31.2 C
City of Banjul
Sunday, October 24, 2021

Stop the littering!

 You see passengers throwing waste from the windows of moving cars, people eating roasted corn and throwing the stalks in the middle of the road, children or even adults drinking from sachets of water and throwing the non-biodegradable plastic wherever suits their fancy. It is DISGUSTING.

 

It is not good enough to say that the city, municipal and area councils fail to provide waste bins in public places and therefore litter should be thrown just anywhere. It is as much a duty of the councils as it is of our individual selves to make our environment litter free. The problem is being compounded by the rains. 

 

Cleanliness, they say, is next to godliness. Prophet Muhammad even said cleanliness is “half of the faith”. Yet its daunting that in a country whose vast majority is Muslim literally threw away this teaching in the gutter. The soundness of faith according to all scholars manifests in the limbs and outward actions of the individual.

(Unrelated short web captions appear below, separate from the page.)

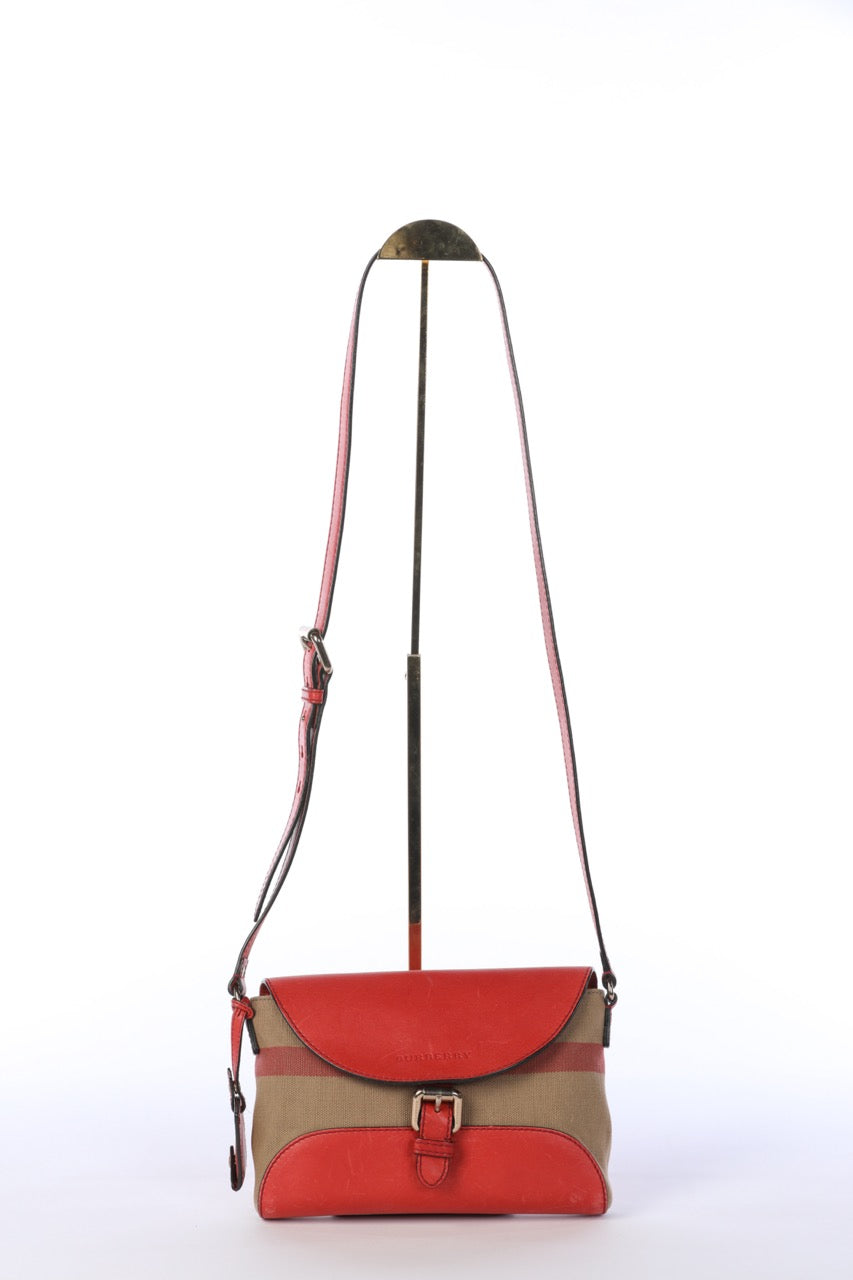 HAS DUSTBAG - Burberry Cadmium Red Canvas Check Small Henham Crossbody Bag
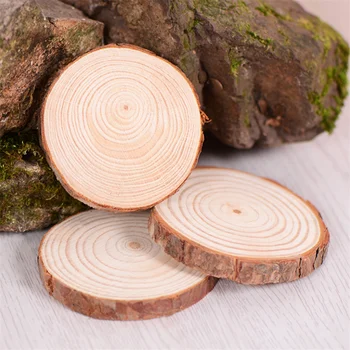 

Wooden Slice Cup Mat Natural Round Coaster Tea Coffee Mug Drinks Holder for DIY Crafts Wedding Party Decoration
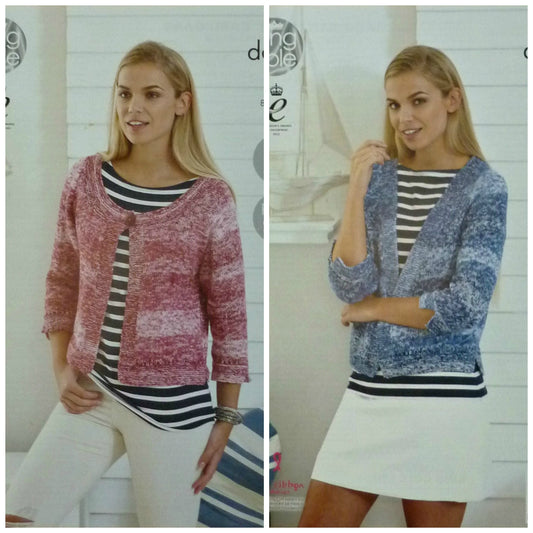 DIGITAL Knitting Pattern Ladies Easy Knit Scoop Neck or Deep V-Neck Cardigans DK King Cole 4460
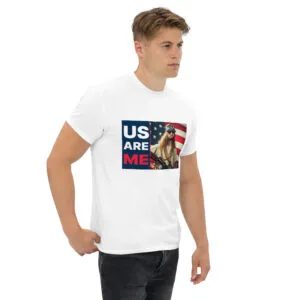 T-shirt classique US Are Me de la collection USA de Beauf Mode, vue de trois quarts droite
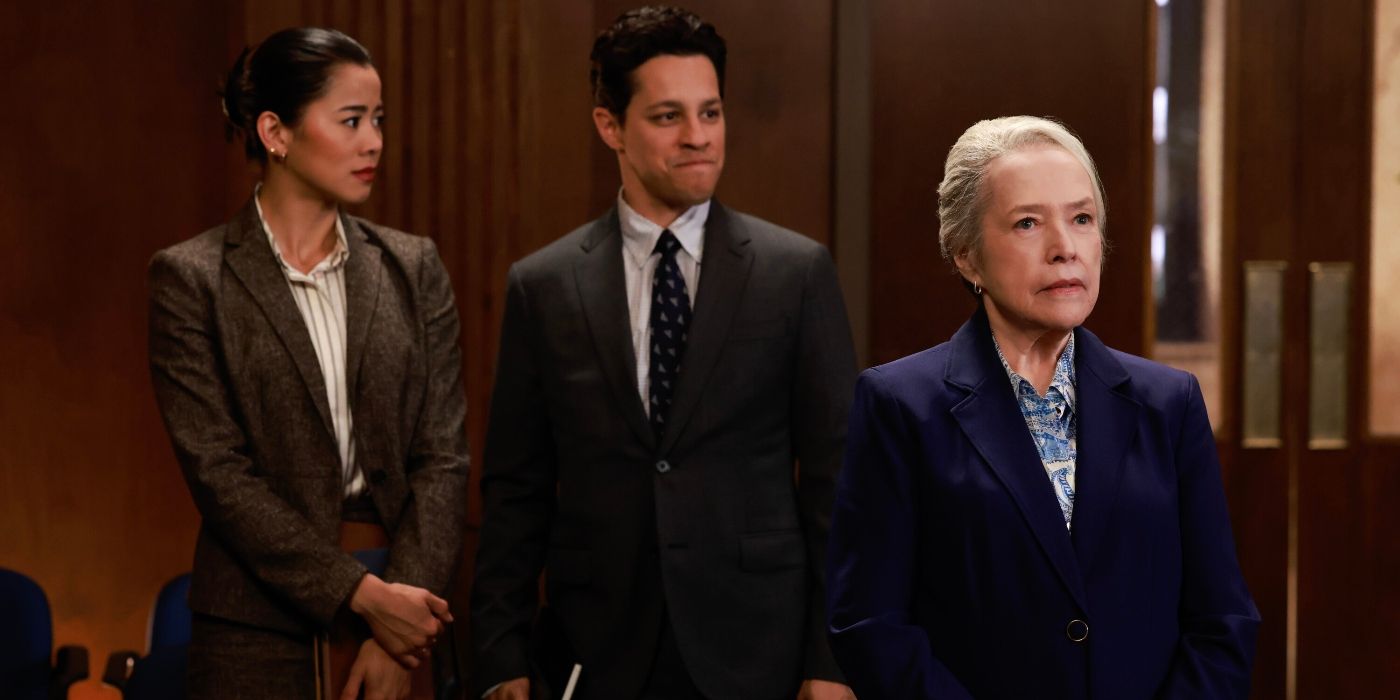 Leah Lewis, David Del Rio, and Kathy Bates standing in the courtroom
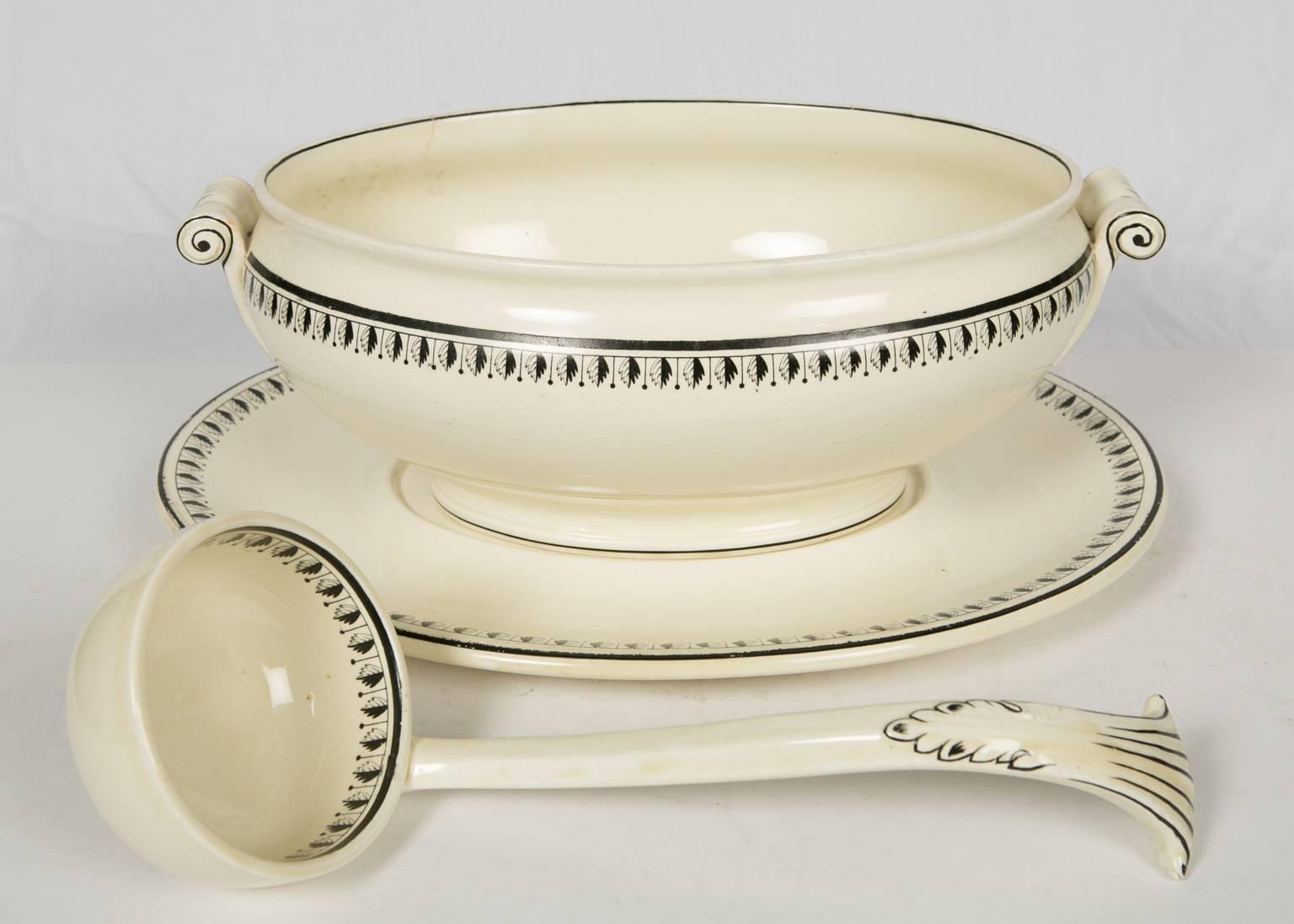Aesthetic Movement Wedgwood Creamware Soup Tureen with Ladle IN STOCK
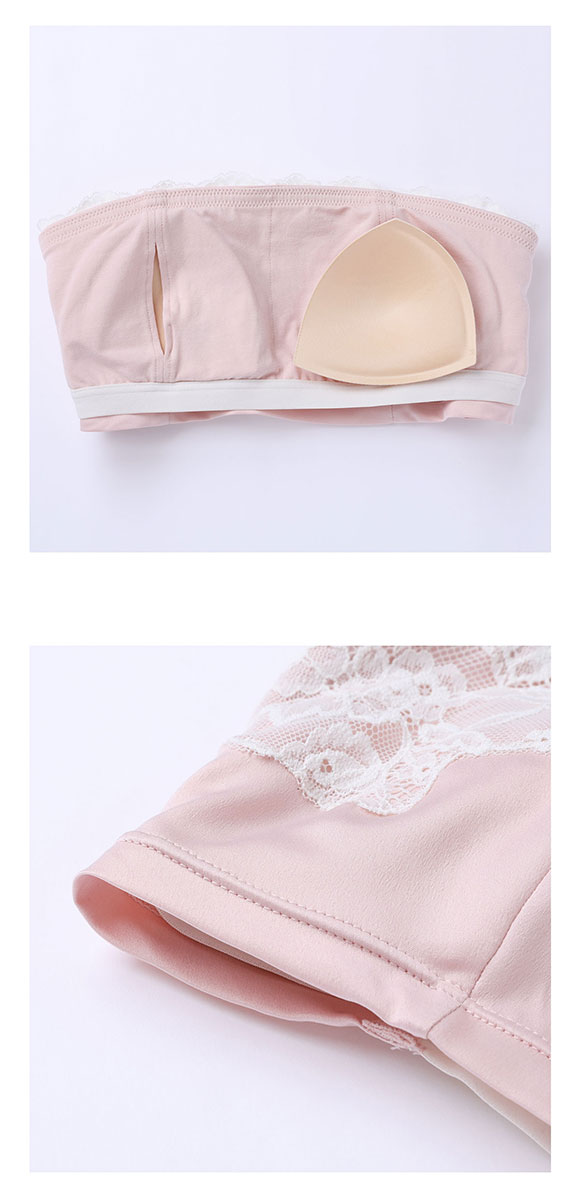 リリーブラウン ランジェリー バックシャンサテンストラップレスブラ LILY BROWN Lingerie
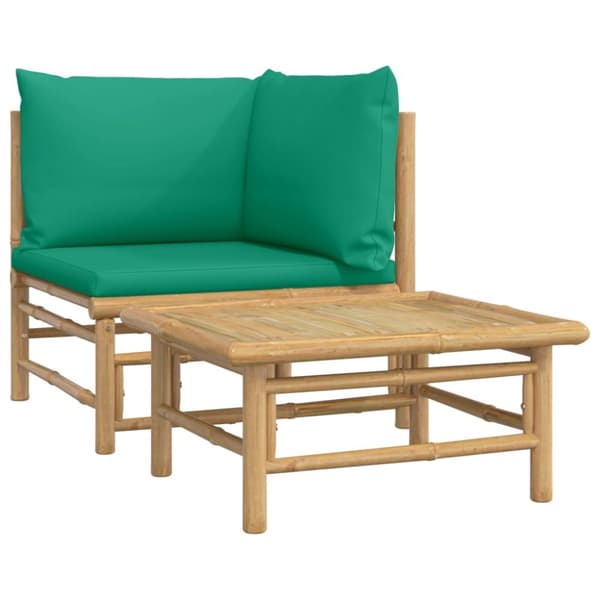 Loungegrupp för trädgården 2 delar gröna dynor bambu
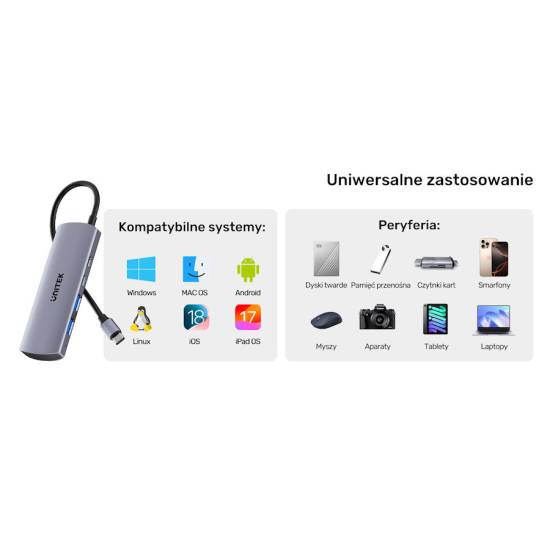 Hub USB-C -> USB 3.2 x2 USB-C x2 Unitek H1112DGY01
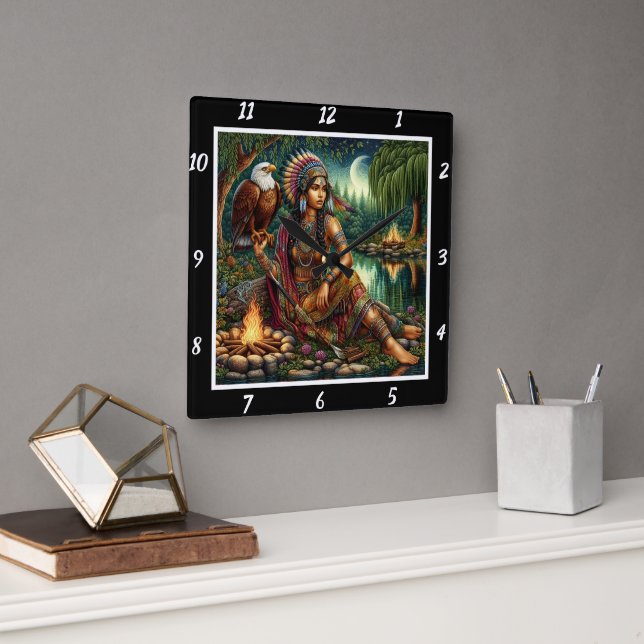 Native Dawn: Eagle's Cry Forest's Light Square Wall Clock (Office)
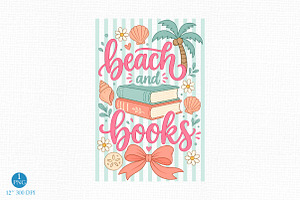 Beach and Books Coquette Summer PNG, a Seasonal Illustration by Libby Wishes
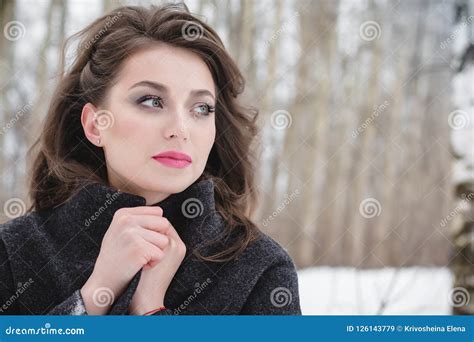 Portrait Of An Attractive Brunette In The Forest Stock Image Image Of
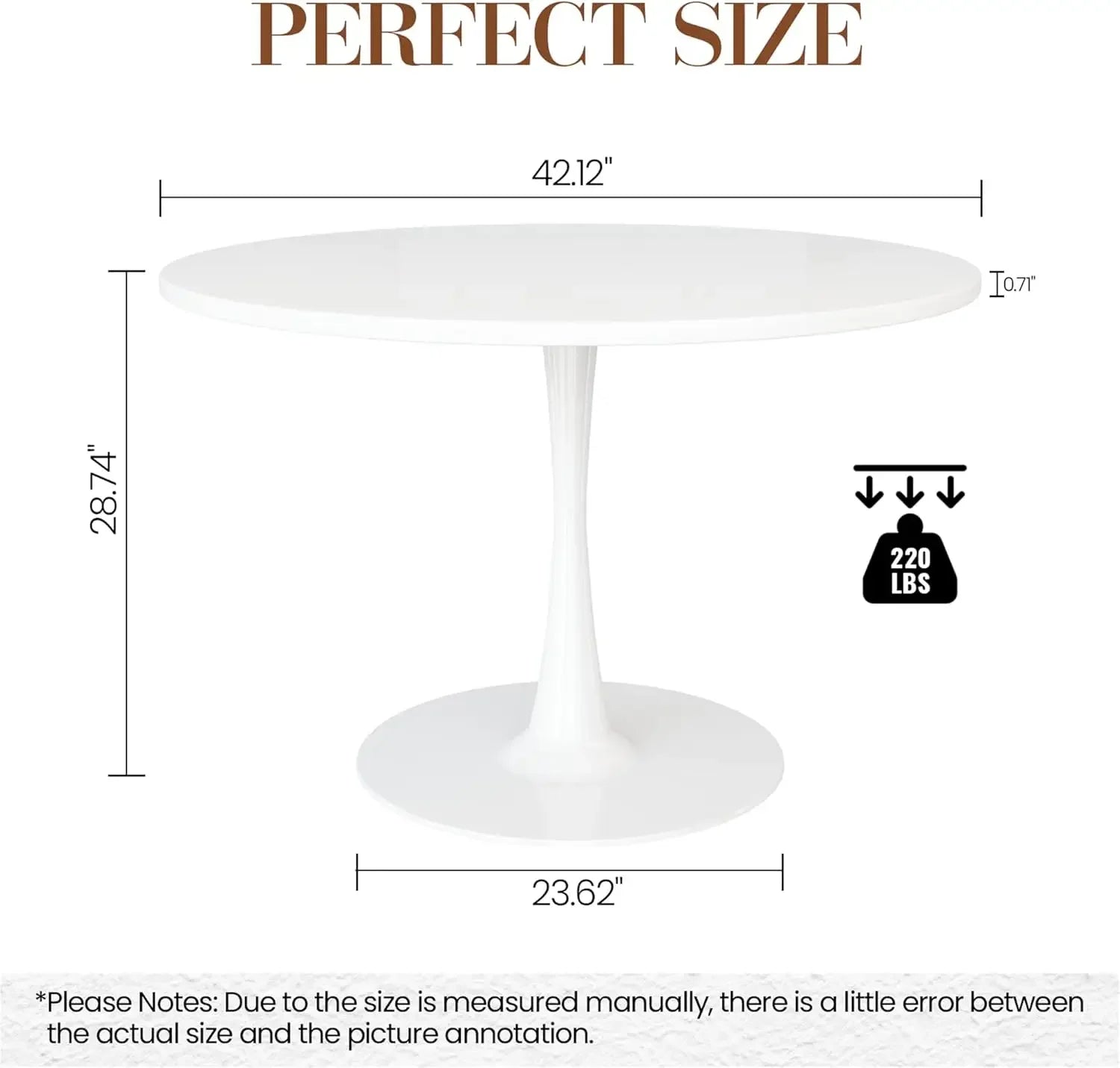 White Round Kitchen Dining Table, 42.1"/4-6 People with MDF Tabletop & Pedestal Base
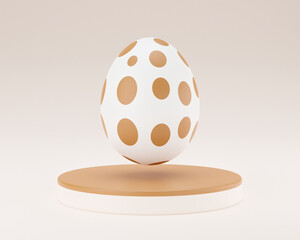 Easter egg on podium 3d render illustration. happy easter day concept. minimal scene with pedestal and egg.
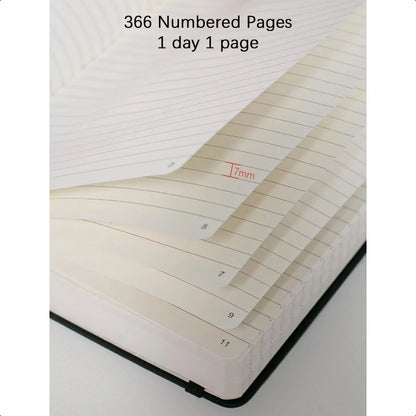 College Ruled Notebook with 366 Numbered Pages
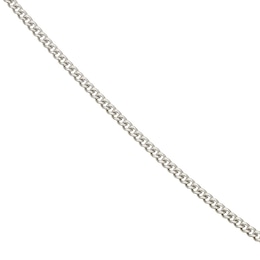9ct White Solid Gold 20 Inch Dainty Curb Chain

A major sign of decadence is that we have reached such low ebb in exemplifying that prophetic teaching which is at once a fundamental trait of the believer and sign of a vibrant faithful community.

 

The anti-littering policies that were put in place by lawmakers is effective inasmuch as the municipalities have people who go around and pick garbage but almost nonexistent when it comes to the populace. The National Environmental Agency has been on the campaign and they should be commended for that but lately they too have almost been silent and are hardly heard.

 

All should go the extra mile in actualising the laws and policies in the vast juridical compendium of the land with regard to littering. The indifference of certain people in defying all cautions and openly placing garbage in unwanted places should be reprimanded and if need be prosecuted; thereby setting clear cut examples to warn the heedless and strengthen the conscientious ones who have been trying to stay away from this whole deplorable situation.

 

It more or less requires the awakening of the conscience of each one of us, that at the end of the day when we keep the country clean we are investing in our own well-being. A clean nation is a healthy and wealthy nation. The urban area is in a deep mess, as in the dirt and filth that accumulate in the gutters and the unauthorised garbage grounds have now made mosquitoes an all year round experience. Malaria which is one of the deadliest diseases in the tropics and the greatest killer within our part of the world is encouraged mainly by these places that accumulate rubbish and keep stagnant waters for the breeding of those dangerous virus carriers.

 

Educating the masses of the people of the dangers that lay in such a menace will go a long way in averting it. The civil societies and community based organisations should put these in their aims and objectives and their agendas. The cleansing exercises that most of them embark upon monthly will be complemented greatly if they educate the people on the ills of littering. 

 

Ultimately it’s our land and it will only become a beacon of peace, progress and prosperity within the constellation of nations, when it is looking after its basic needs and health which proceeds foremost from cleanliness and sanitation. It’s upon the government and each and every citizen to make this call a reality. We want to be like Singapore, let’s try to be as clean as Singapore first. And it will not cost us billions.